For any picture in the lines below, please leave it out and copy the rest exactly.

Provided data below:

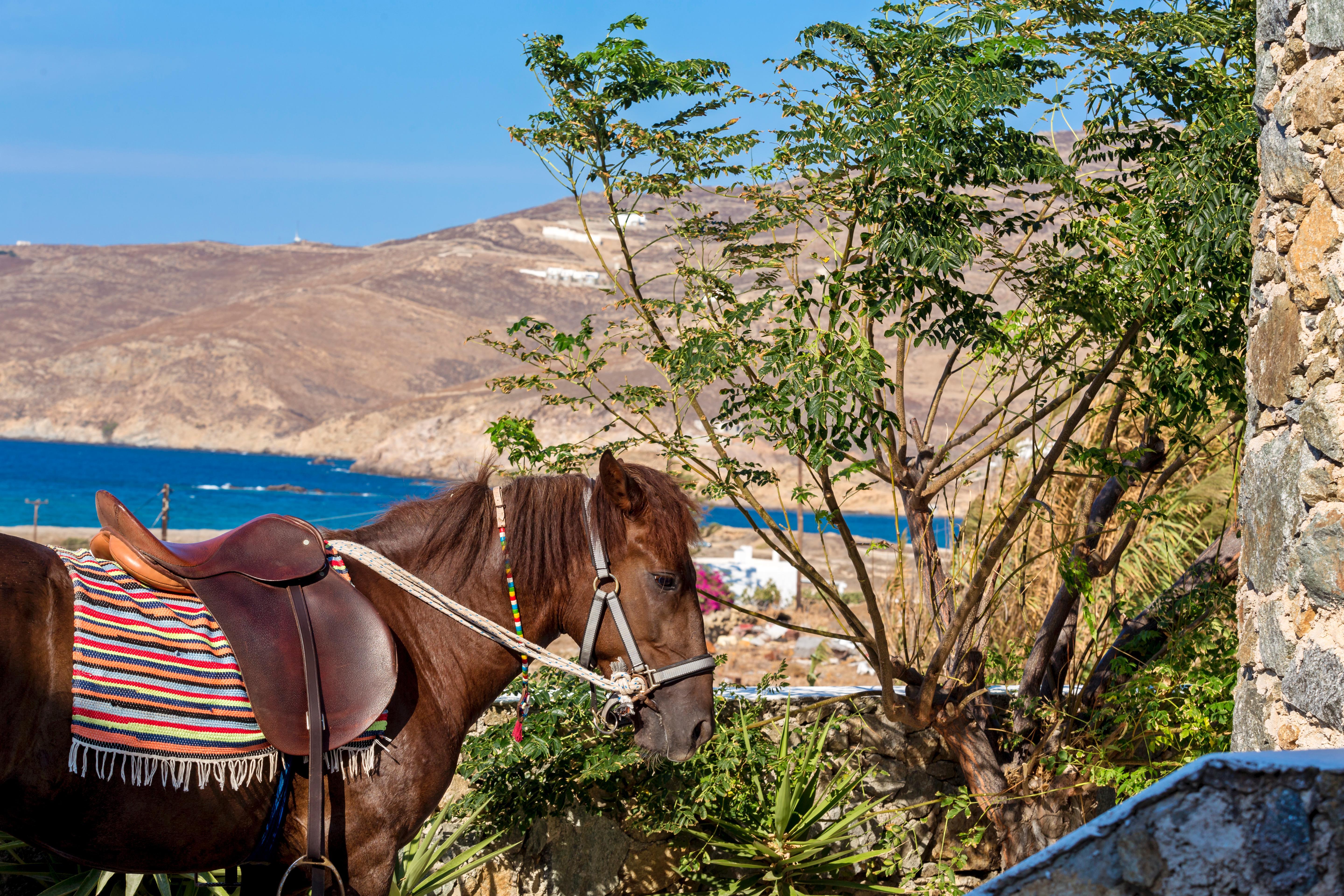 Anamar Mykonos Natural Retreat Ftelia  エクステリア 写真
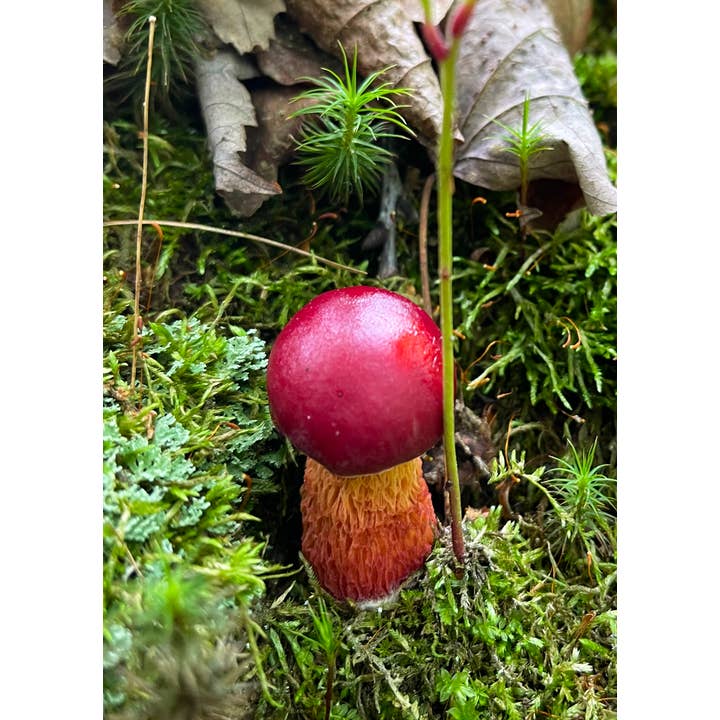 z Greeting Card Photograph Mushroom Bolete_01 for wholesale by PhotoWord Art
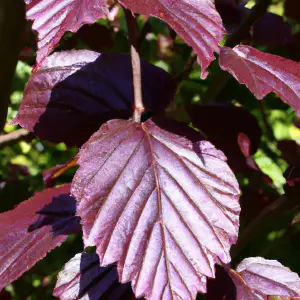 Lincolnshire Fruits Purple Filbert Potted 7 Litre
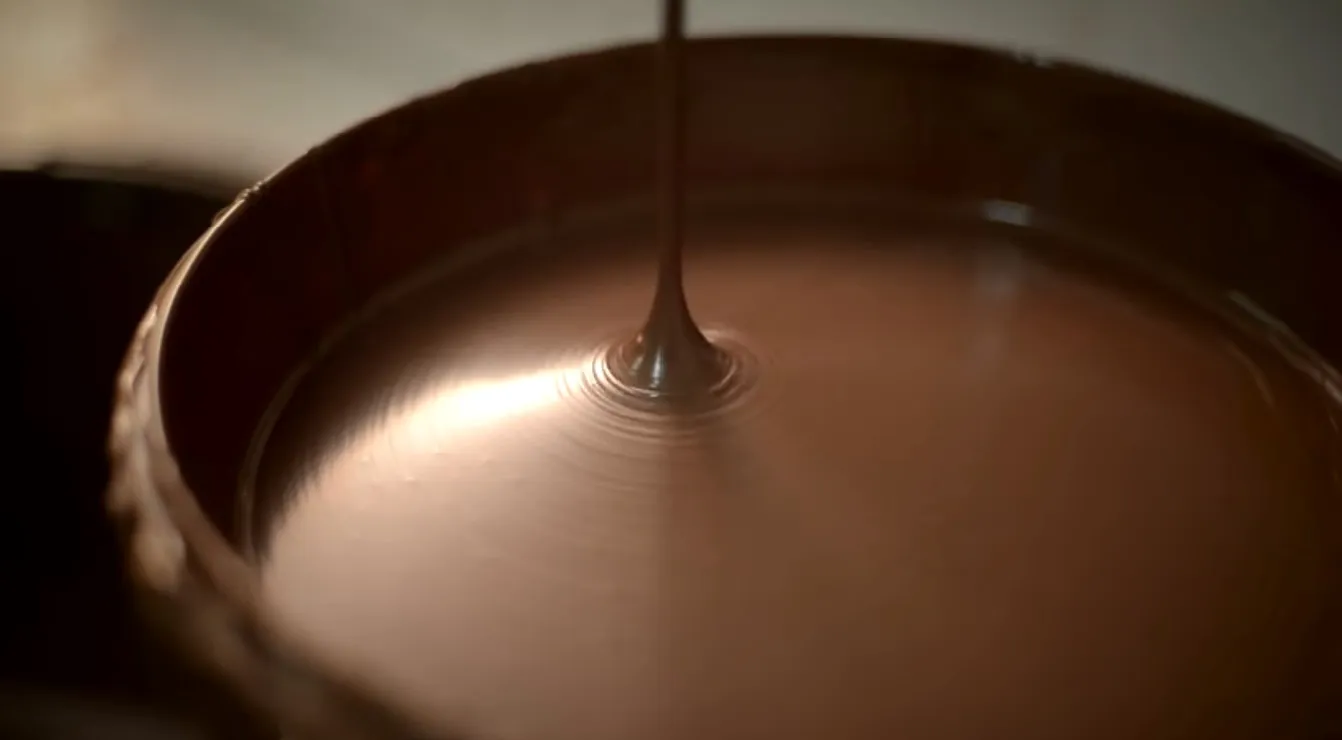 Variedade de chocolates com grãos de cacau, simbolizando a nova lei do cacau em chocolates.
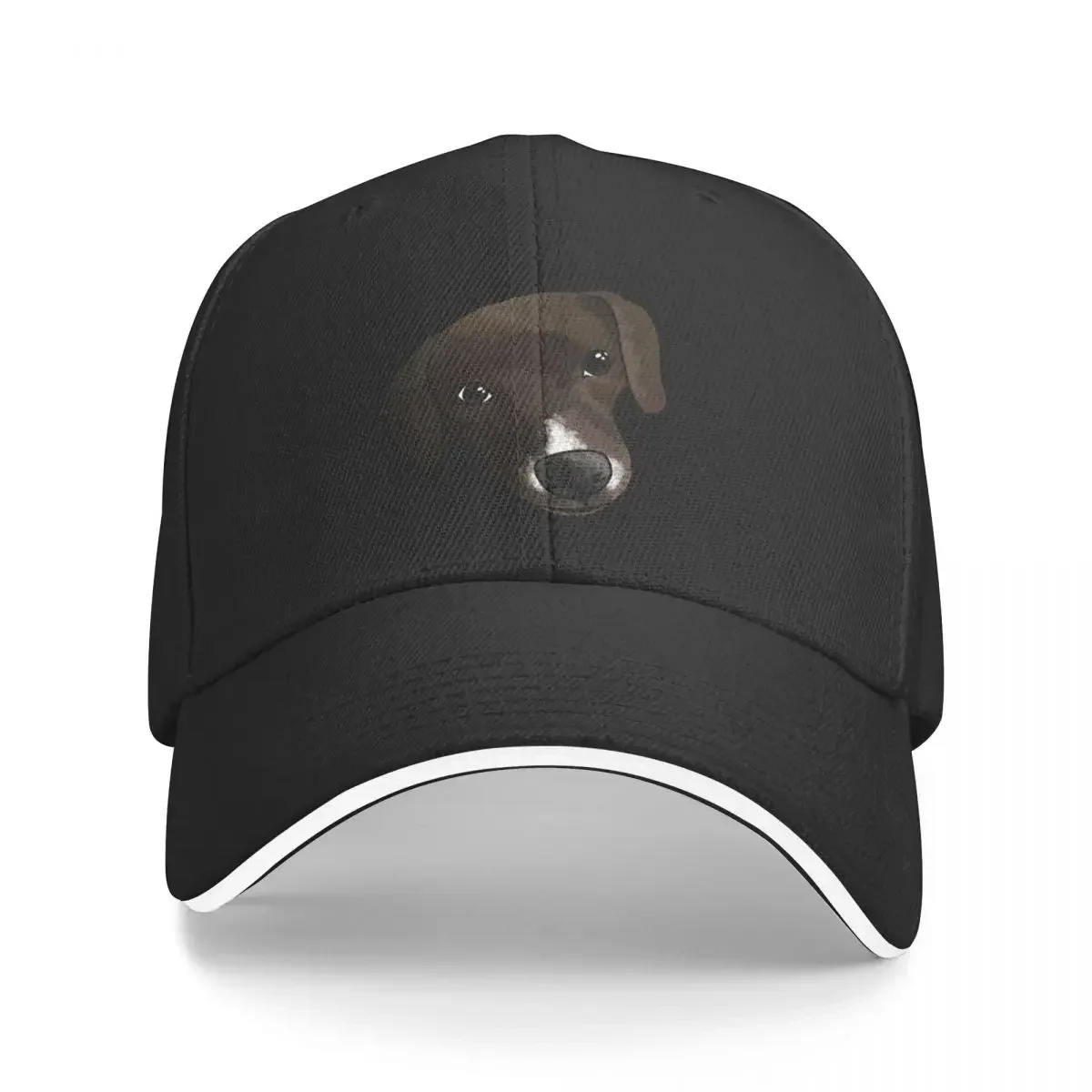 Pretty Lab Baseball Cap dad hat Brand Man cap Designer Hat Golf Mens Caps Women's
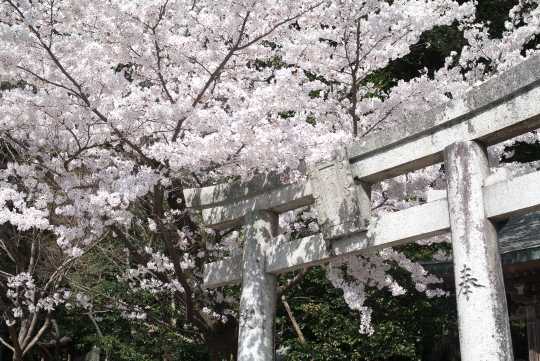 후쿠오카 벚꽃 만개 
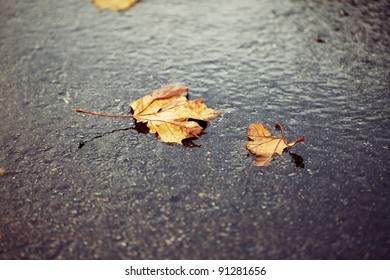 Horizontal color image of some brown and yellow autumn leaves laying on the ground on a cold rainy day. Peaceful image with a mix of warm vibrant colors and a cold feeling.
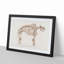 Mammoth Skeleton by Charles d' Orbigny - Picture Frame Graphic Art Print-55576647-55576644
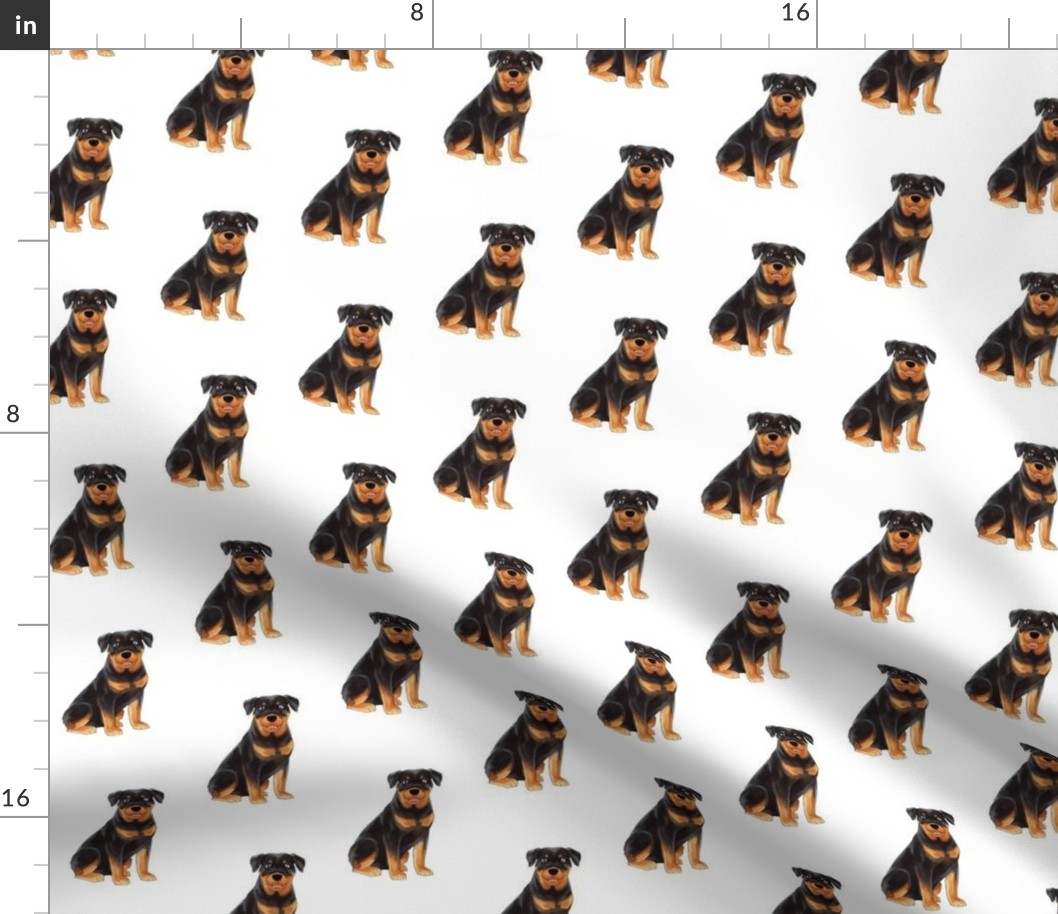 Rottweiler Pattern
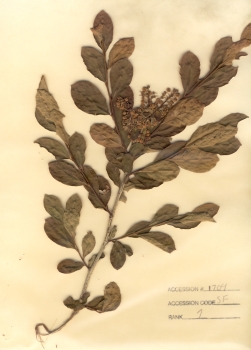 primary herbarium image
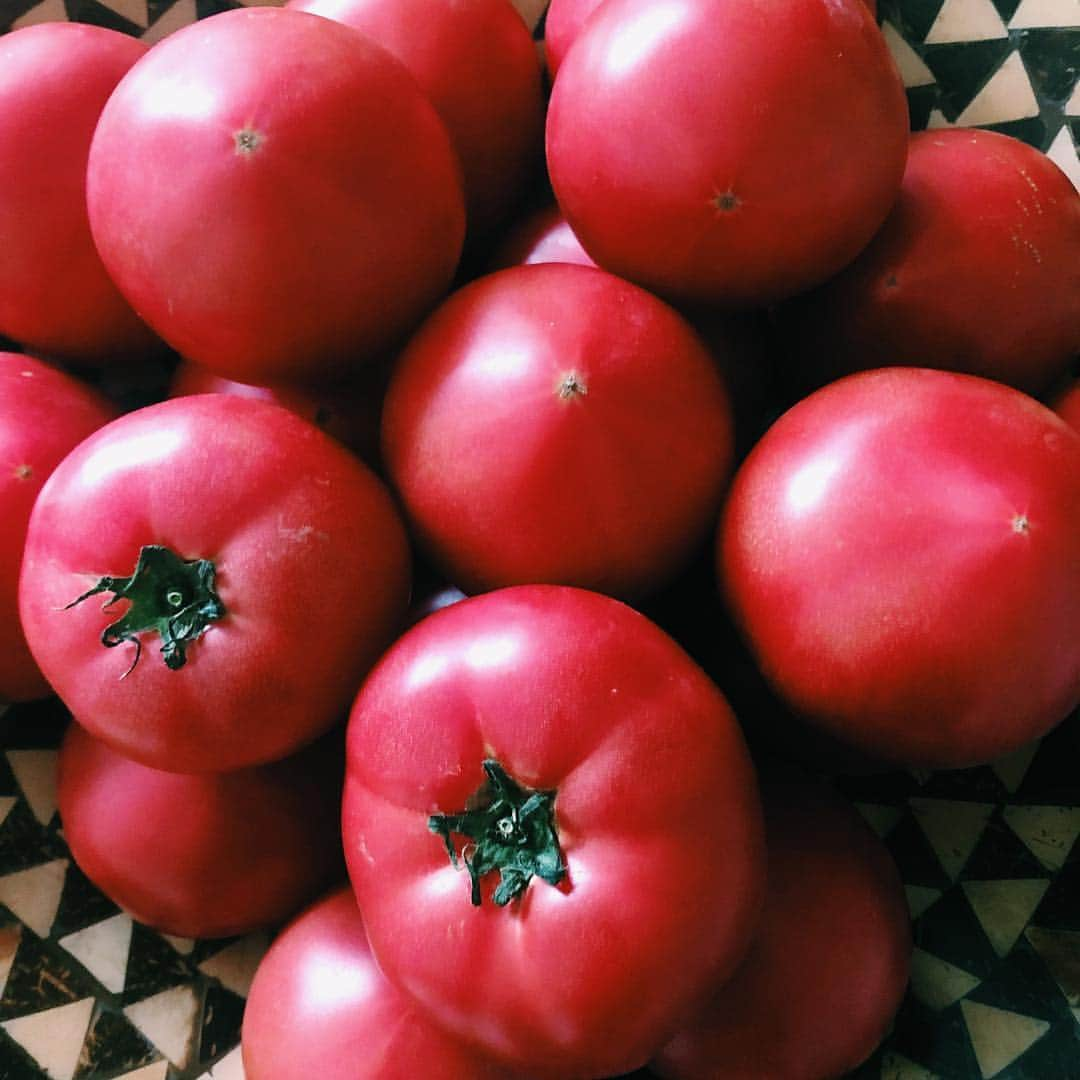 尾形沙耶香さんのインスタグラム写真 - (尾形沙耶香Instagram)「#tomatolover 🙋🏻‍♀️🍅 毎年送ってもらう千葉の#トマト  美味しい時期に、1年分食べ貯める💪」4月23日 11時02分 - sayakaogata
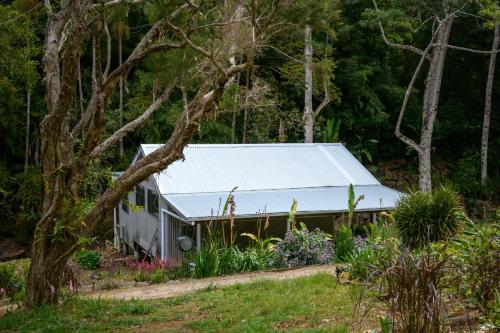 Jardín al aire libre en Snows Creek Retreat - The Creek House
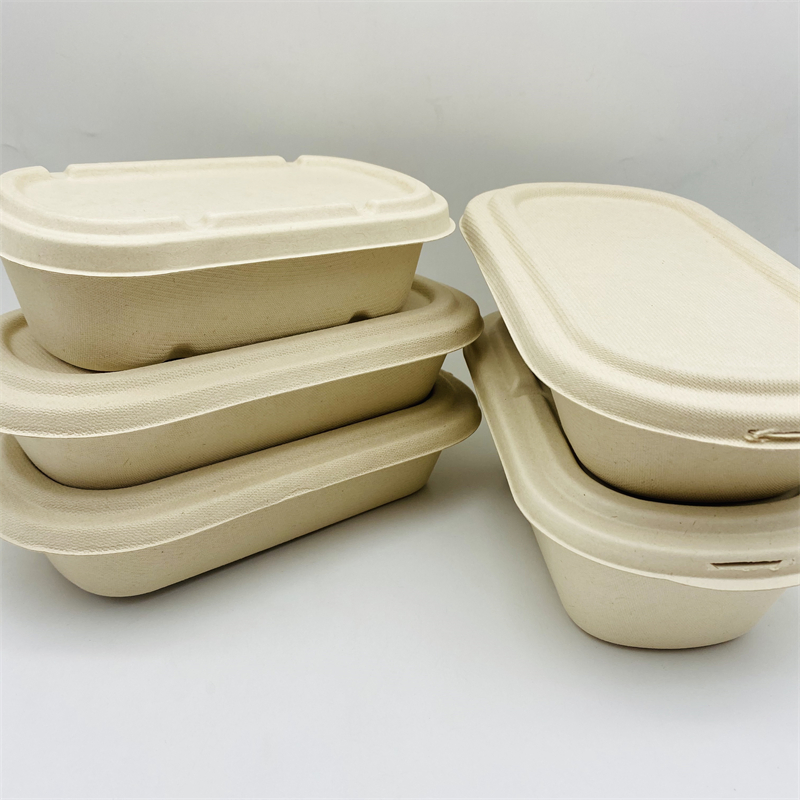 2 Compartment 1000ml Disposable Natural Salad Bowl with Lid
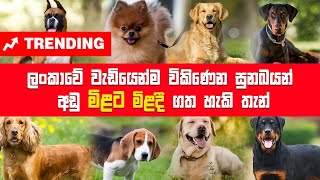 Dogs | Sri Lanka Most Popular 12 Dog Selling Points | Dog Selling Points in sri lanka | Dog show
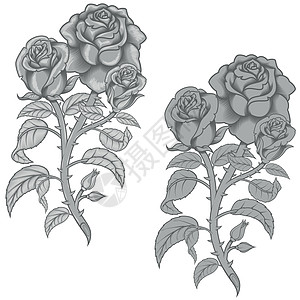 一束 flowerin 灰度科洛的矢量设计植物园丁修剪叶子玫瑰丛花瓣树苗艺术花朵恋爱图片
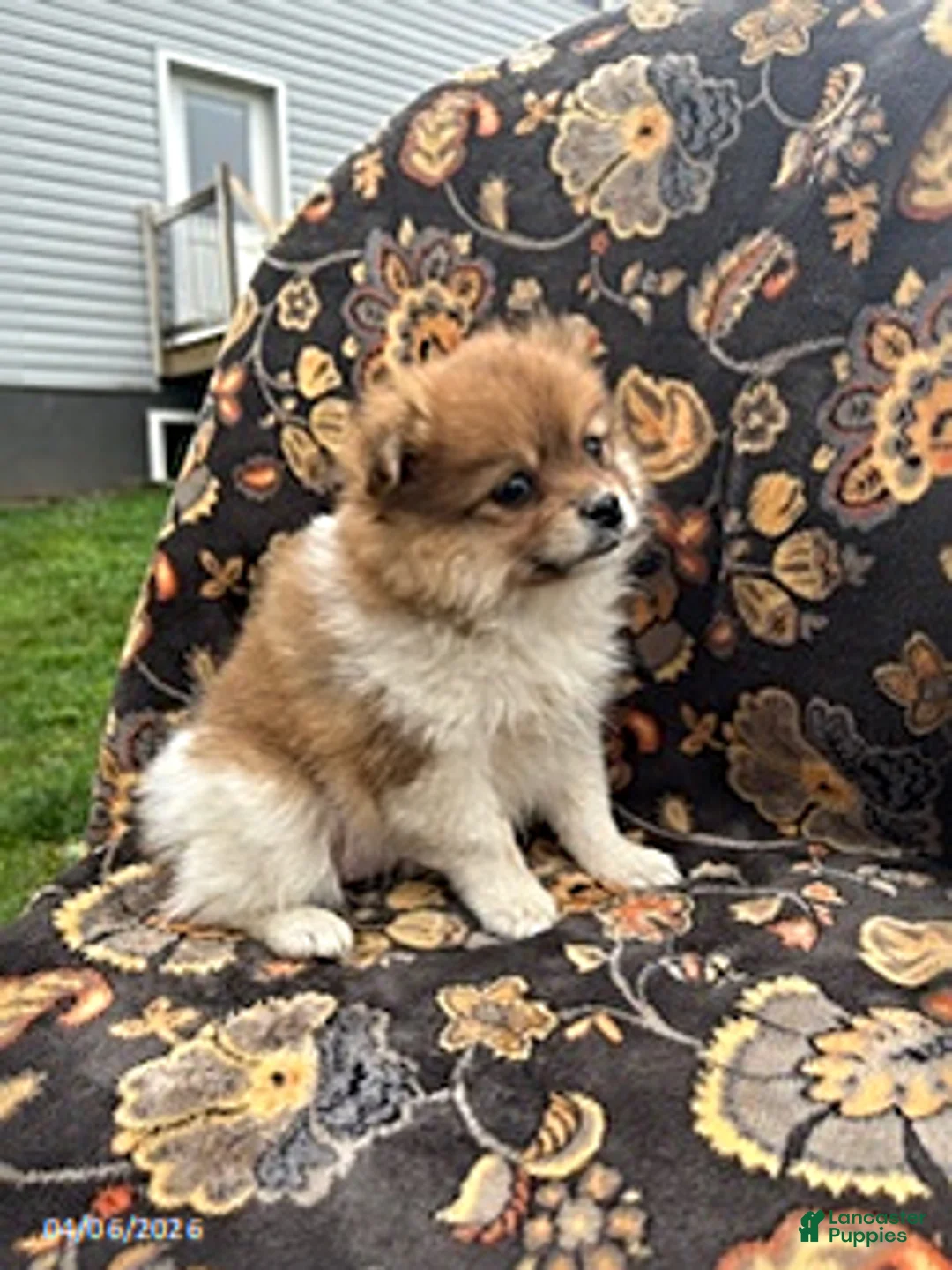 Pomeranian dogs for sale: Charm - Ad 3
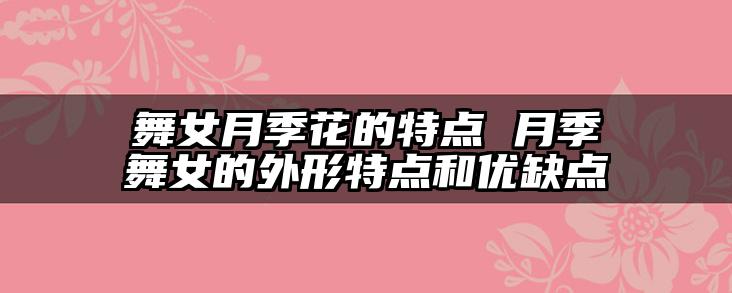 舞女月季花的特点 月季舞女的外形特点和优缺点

End of Provided data.

Output of the task:
 Anamar Mykonos Natural Retreat Ftelia  エクステリア 写真
 z Greeting Card Photograph Mushroom Bolete_01 for wholesale by PhotoWord Art
 Lincolnshire Fruits Purple Filbert Potted 7 Litre
 Variedade de chocolates com grãos de cacau, simbolizando a nova lei do cacau em chocolates.
 Pretty Lab Baseball Cap dad hat Brand Man cap Designer Hat Golf Mens Caps Women's
 후쿠오카 벚꽃 만개 
 Horizontal color image of some brown and yellow autumn leaves laying on the ground on a cold rainy day. Peaceful image with a mix of warm vibrant colors and a cold feeling.
 Mammoth Skeleton by Charles d' Orbigny - Picture Frame Graphic Art Print-55576647-55576644
 Rottweiler Pattern
 primary herbarium image
 尾形沙耶香さんのインスタグラム写真 - (尾形沙耶香Instagram)「#tomatolover 🙋🏻‍♀️🍅 毎年送ってもらう千葉の#トマト  美味しい時期に、1年分食べ貯める💪」4月23日 11時02分 - sayakaogata
 Jardín al aire libre en Snows Creek Retreat - The Creek House
 2 Compartment 1000ml Disposable Natural Salad Bowl with Lid
 Dogs | Sri Lanka Most Popular 12 Dog Selling Points | Dog Selling Points in sri lanka | Dog show
 一束 flowerin 灰度科洛的矢量设计植物园丁修剪叶子玫瑰丛花瓣树苗艺术花朵恋爱图片
 Pomeranian dogs for sale: Charm - Ad 3
 舞女月季花的特点 月季舞女的外形特点和优缺点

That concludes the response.